When the following conditions occur, the event in step 3.2 is not received for the first trigger:

  • Condition 1: ICNT0xICT1 is NOT a multiple of 64.
  • Condition 2: src or dst is NOT a multiple of 64.
  • Condition 3: ICNT0xICT1 is NOT a multiple of 64 and src/dst address not a multiple of 64
Multiple of 16B or 32B for ICNT0xICNT1 and src/dst addr also has the same issue, where the event is not received. Only alignment of 64B makes it work.

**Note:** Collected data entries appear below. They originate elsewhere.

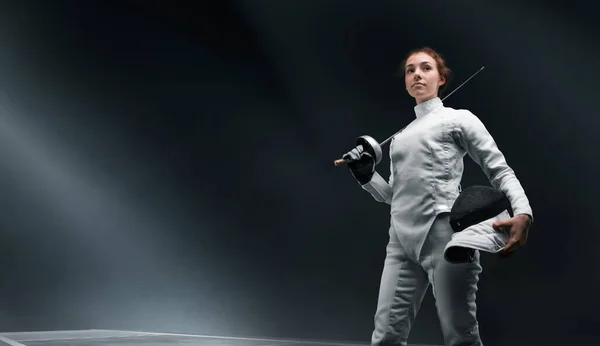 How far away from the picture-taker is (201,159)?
194 inches

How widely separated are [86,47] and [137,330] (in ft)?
6.81

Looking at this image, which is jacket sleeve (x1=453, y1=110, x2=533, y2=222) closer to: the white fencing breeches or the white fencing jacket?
the white fencing jacket

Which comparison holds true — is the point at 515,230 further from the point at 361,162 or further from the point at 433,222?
the point at 361,162

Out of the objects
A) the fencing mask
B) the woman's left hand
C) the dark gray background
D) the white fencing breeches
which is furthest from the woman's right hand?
the dark gray background

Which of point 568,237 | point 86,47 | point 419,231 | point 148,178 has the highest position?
point 86,47

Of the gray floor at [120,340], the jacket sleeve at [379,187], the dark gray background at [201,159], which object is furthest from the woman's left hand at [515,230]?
the dark gray background at [201,159]

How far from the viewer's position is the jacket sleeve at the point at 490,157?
166cm

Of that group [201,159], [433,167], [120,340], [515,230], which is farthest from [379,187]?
[201,159]

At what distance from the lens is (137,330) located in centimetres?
489

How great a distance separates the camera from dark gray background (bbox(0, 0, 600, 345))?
14.5ft

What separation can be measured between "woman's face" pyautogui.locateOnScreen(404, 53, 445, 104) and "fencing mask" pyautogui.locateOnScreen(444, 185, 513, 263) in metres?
0.39

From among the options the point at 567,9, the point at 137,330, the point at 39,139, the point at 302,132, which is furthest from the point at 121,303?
the point at 567,9

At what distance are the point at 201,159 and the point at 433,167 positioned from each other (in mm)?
3294

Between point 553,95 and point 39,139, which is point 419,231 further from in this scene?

Conditions in which it works:

  • If ICNT0xICNT1 is made a multiple of 64 and src/dst address a multiple of 64, the test case passes.
  • If DRU is used instead of UDMA, then the test passes. You must submit the TR to DRU through the UDMA DRU external channel. With DRU and with ICNTs and src/dst addr unaligned, the user can trigger and get events as expected when TR is programmed such that the number of events and number of triggers in a frame is 1, i.e ICNT2 = 1 in above case or EVENT_SIZE = COMPLETION and trigger is NONE. Then the completion event occurs as expected. This is not feasible to be used by the use-cases in question.
Above is a example for "2D trigger and wait", the same constraint applies for "1D trigger and wait" and "3D trigger and wait":

  • For "1D trigger and wait", ICNT0 MUST be multiple of 64
  • For "3D trigger and wait", ICNT0xICNT1xICNT2 MUST be multiple of 64

Workaround(s):

Set the EOL flag in TR for UDMAP as shown in following example:

  • 1D trigger and wait
    • TR.FLAGS |= CSL_FMK(UDMAP_TR_FLAGS_EOL, CSL_UDMAP_TR_FLAGS_EOL_ICNT0);
  • 2D trigger and wait
    • TR.FLAGS |= CSL_FMK(UDMAP_TR_FLAGS_EOL, CSL_UDMAP_TR_FLAGS_EOL_ICNT0_ICNT1);
  • 3D trigger and wait
    • TR.FLAGS |= CSL_FMK(UDMAP_TR_FLAGS_EOL,CSL_UDMAP_TR_FLAGS_EOL_ICNT0_ICNT1_ICNT2);

There is no performance impact due to this workaround.